» **WORK ITEM**:
After locating the line with "Mini Cooper 2022" in the entries below, output it and each following line up to and including the line with "Praia do Flamengo", exactly and without pictures.

+++ INFORMATION

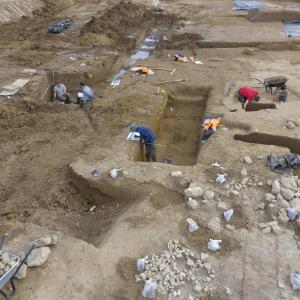 Visite du chantier archéologique des Ardoines à Vitry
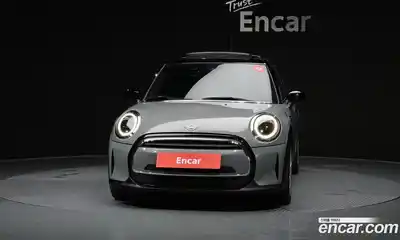 Mini Cooper 2022 1.5 гидро в Москве № 1013788, миниатюра 3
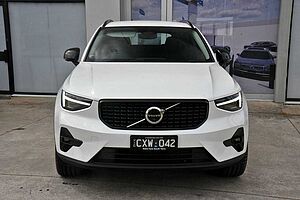 Volvo  XC40 Ultimate, B4 AWD Mild hybrid, Petrol, Dark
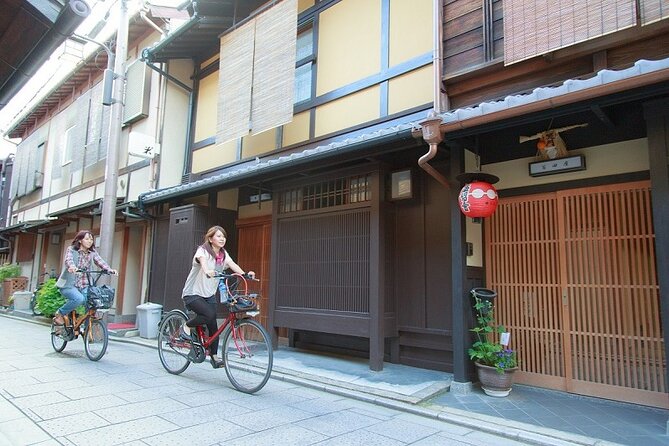 Exploring Fushimi-Inari, Gion, Nanzen-ji, Kamogawa River Tour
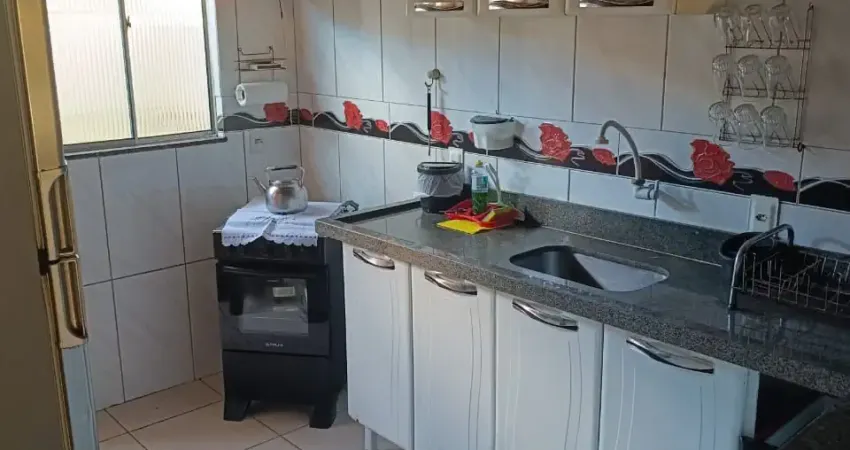 Casa térrea , nascente, 2/4, mezanino, sala, cozinha, escriturada, Praia do Flamengo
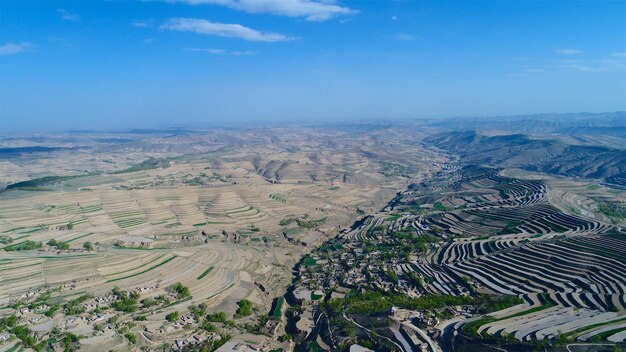 Luftaufnahme der Massenproduktion von terrassenförmig angelegten Feldern während der Sommertrockenzeit Provinz Tianshui Gansu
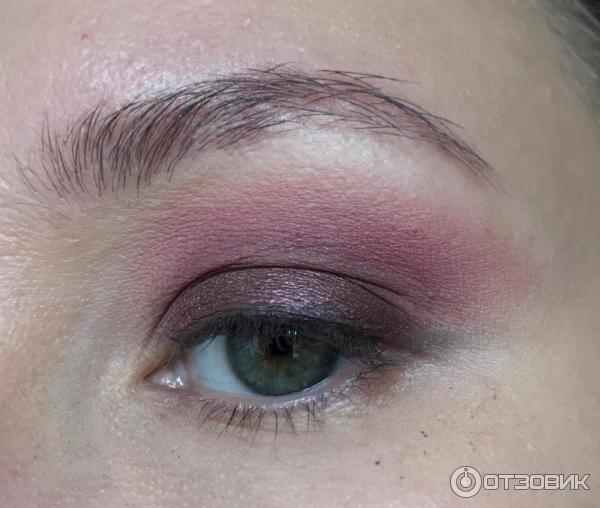 Палетка теней для век Eveline Eyeshadow Professional Palette фото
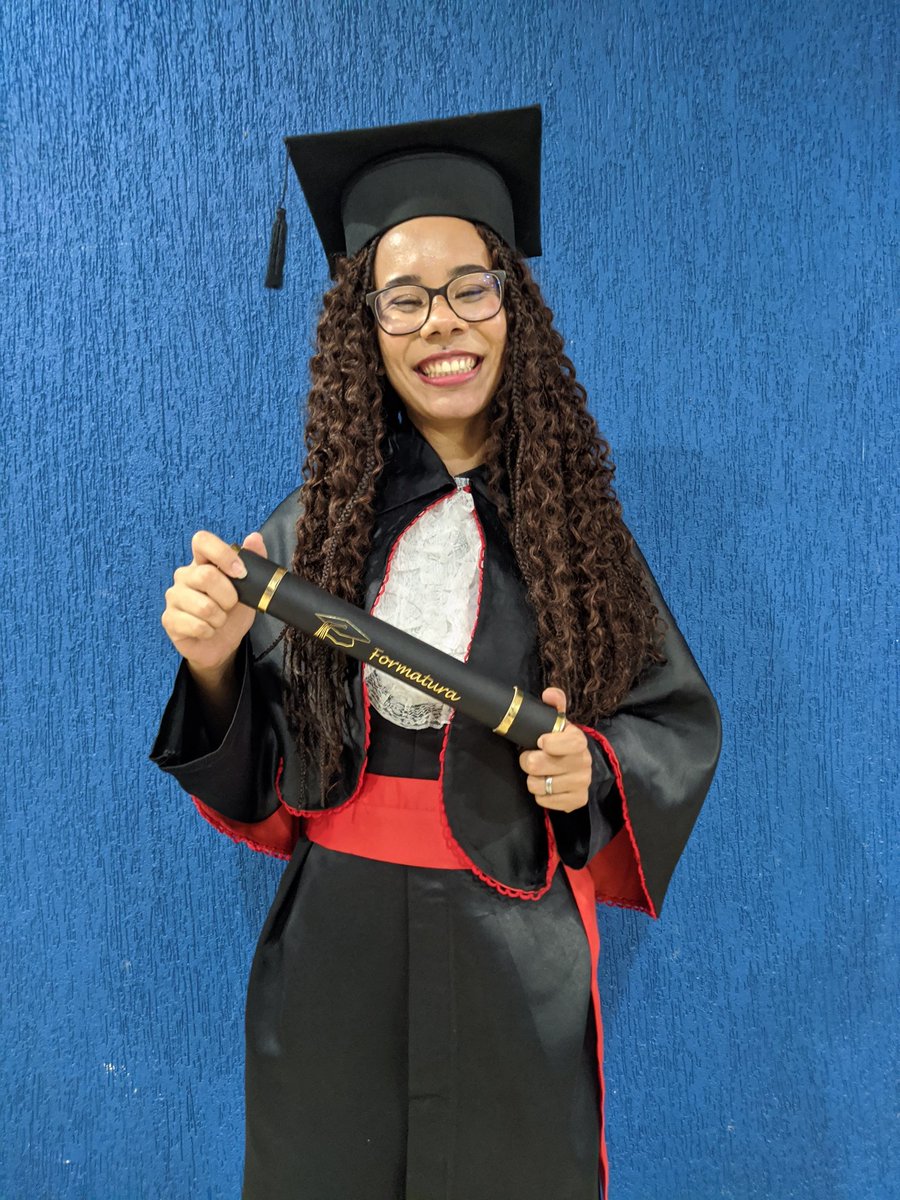Já podem me chamar de Dra Lay Pagodeira Perigosinha 🎓⚖️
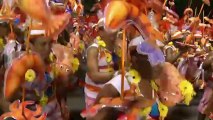 O espetáculo do carnaval das escolas de samba no Rio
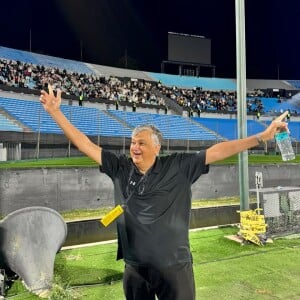 Quanto a isso, Durcesio Mello, presidente do Botafogo, negou o fato e criticou Neymar dizendo que o jogador estragou sua carreira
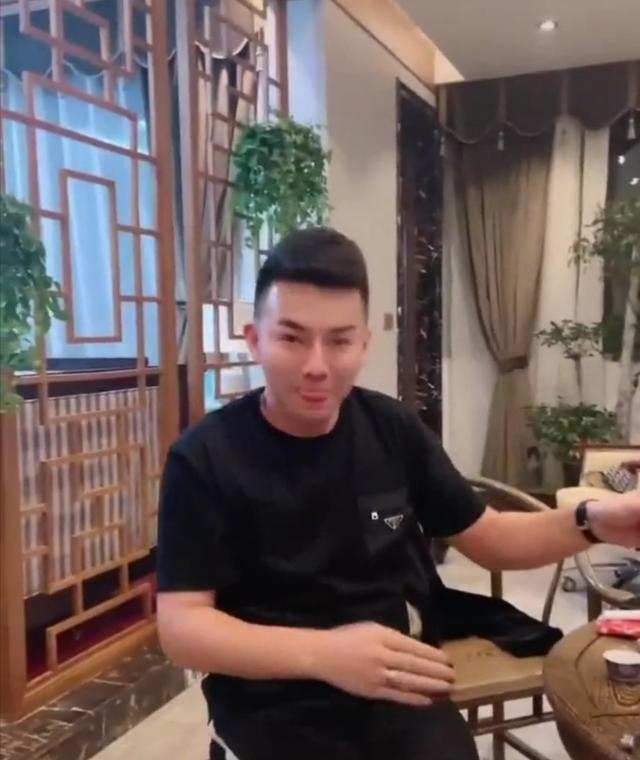 宋小宝妻子:宋小宝娇妻罕出镜，怀中神秘小孩被疑是三胎？身后豪宅奢华似皇宫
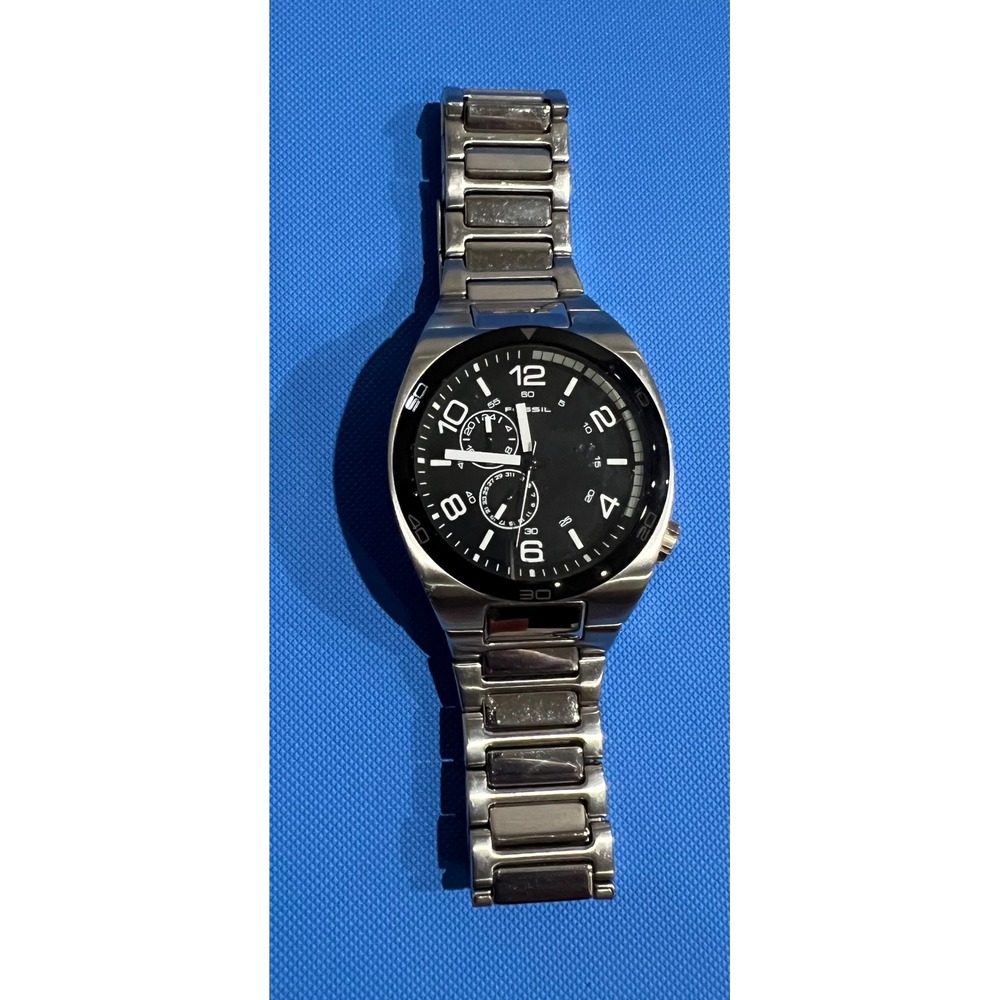 Fossil BQ-9352 Mens Watch Black Dial Stainless Steel Chronograph Style 100M
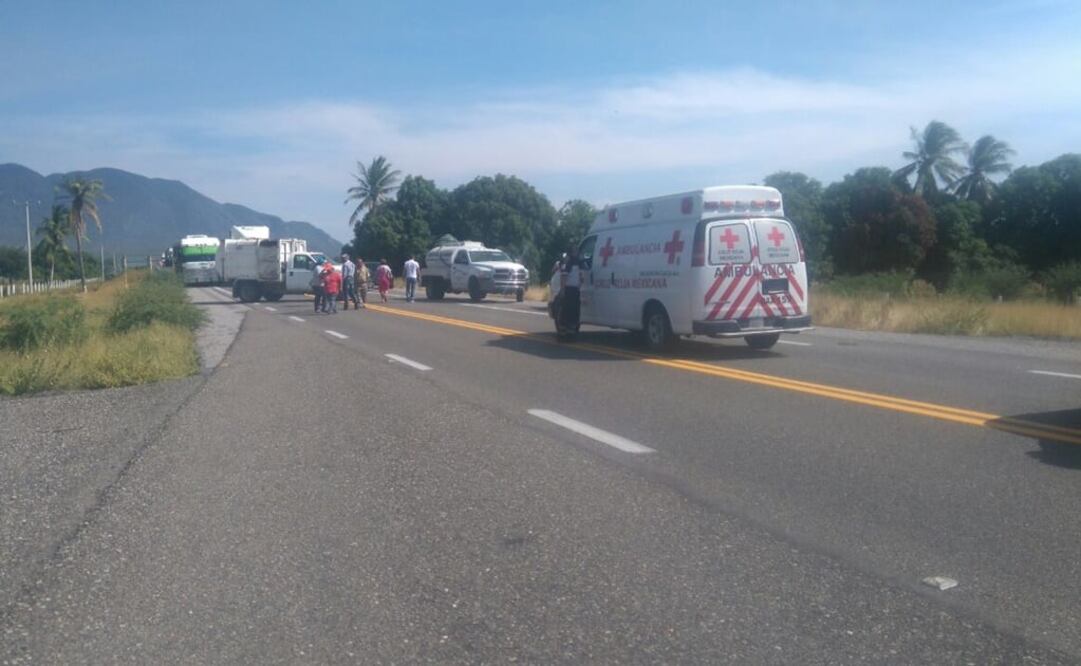Cerca de 180 personas de Santa María Mixtequilla iniciaron el bloqueo sobre la supercarretera. (Foto: Especial)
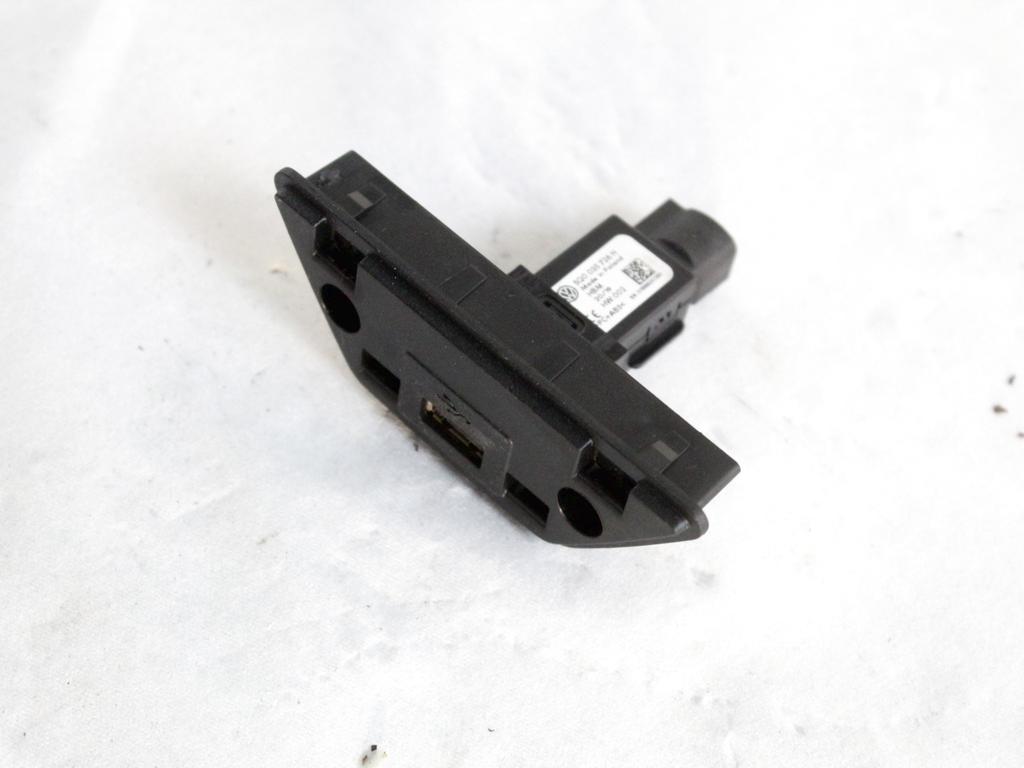 5Q0035726N PORTA INGRESSO USB VOLKSWAGEN UP 1.0 M 50KW 5M 5P (2019) RICAMBIO USATO 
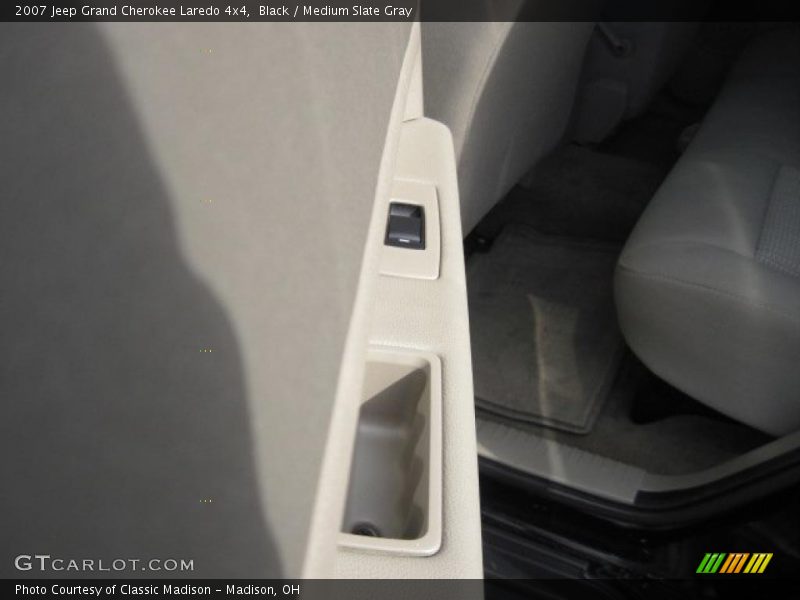 Black / Medium Slate Gray 2007 Jeep Grand Cherokee Laredo 4x4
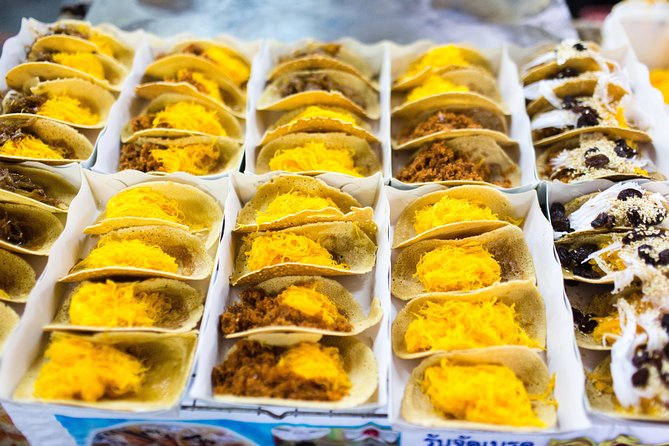 Bangkok by Night: Temples, Markets and Food Tuk-Tuk Tour - Dinner, with room for expectations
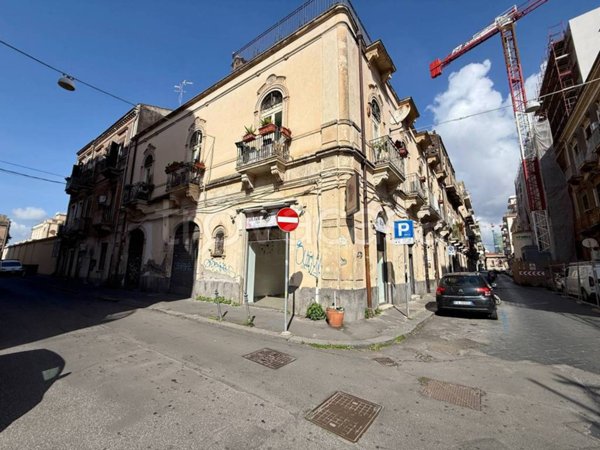 negozio in vendita a Catania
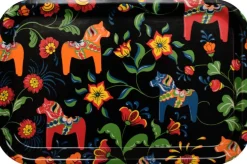 Leksand svart bricka med traditionellt dalahästmönster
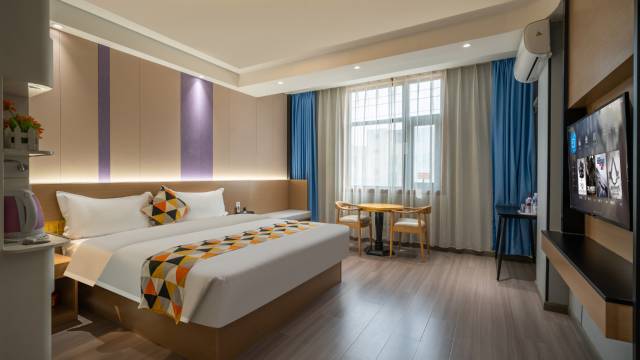 成都格莱斯酒店(十陵成都大学店)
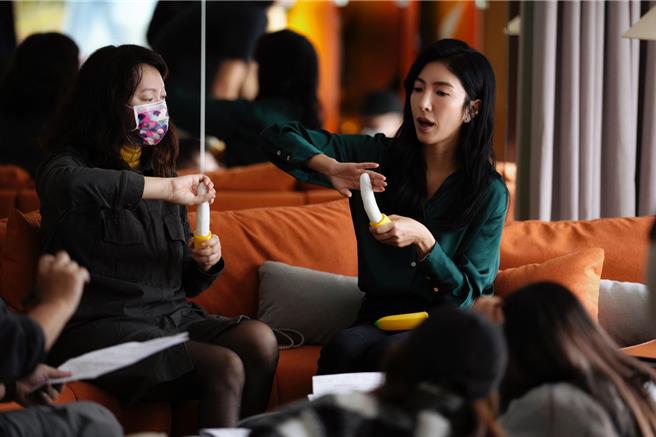 杨谨华与顾问性治疗师对谈吸取经验，老师拿「香蕉GG」示范害羞到爆。（壹壹影业提供）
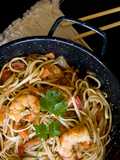 Wok de langostinos y verduras con noodles Udon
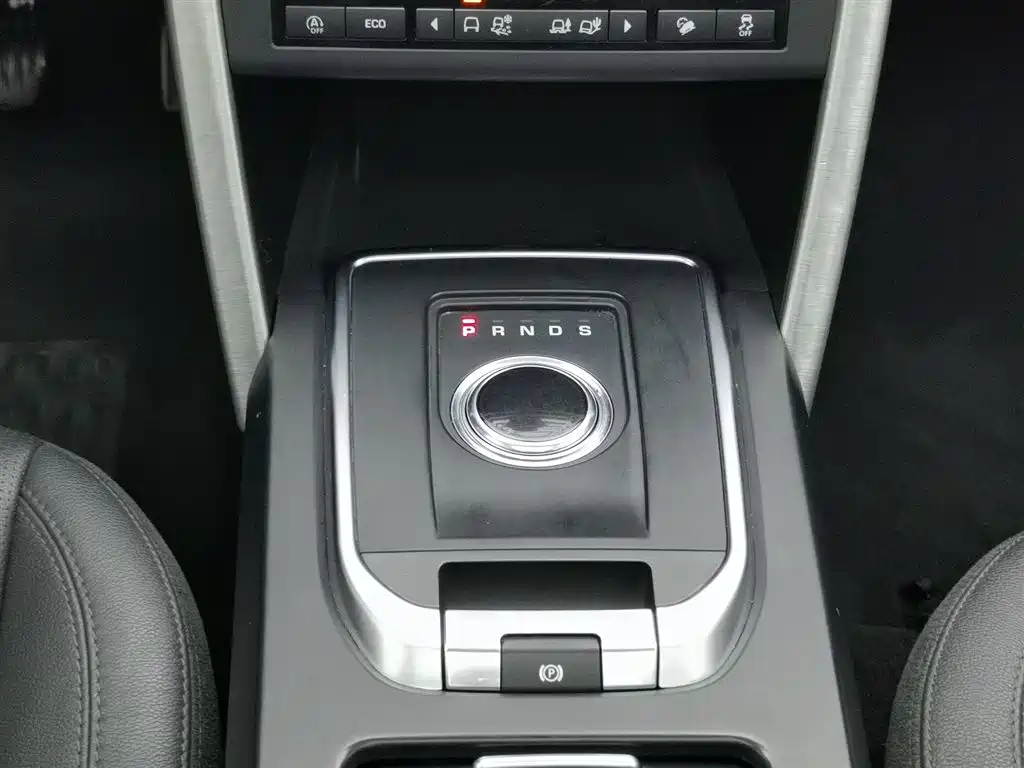 Land Rover Discovery Sport 2018 — фото 13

++++++

» **TASK RESULT**:
 Mini Cooper 2022 1.5 гидро в Москве № 1013788, миниатюра 3
 Volvo  XC40 Ultimate, B4 AWD Mild hybrid, Petrol, Dark
 Exploring Fushimi-Inari, Gion, Nanzen-ji, Kamogawa River Tour
 Casa térrea , nascente, 2/4, mezanino, sala, cozinha, escriturada, Praia do Flamengo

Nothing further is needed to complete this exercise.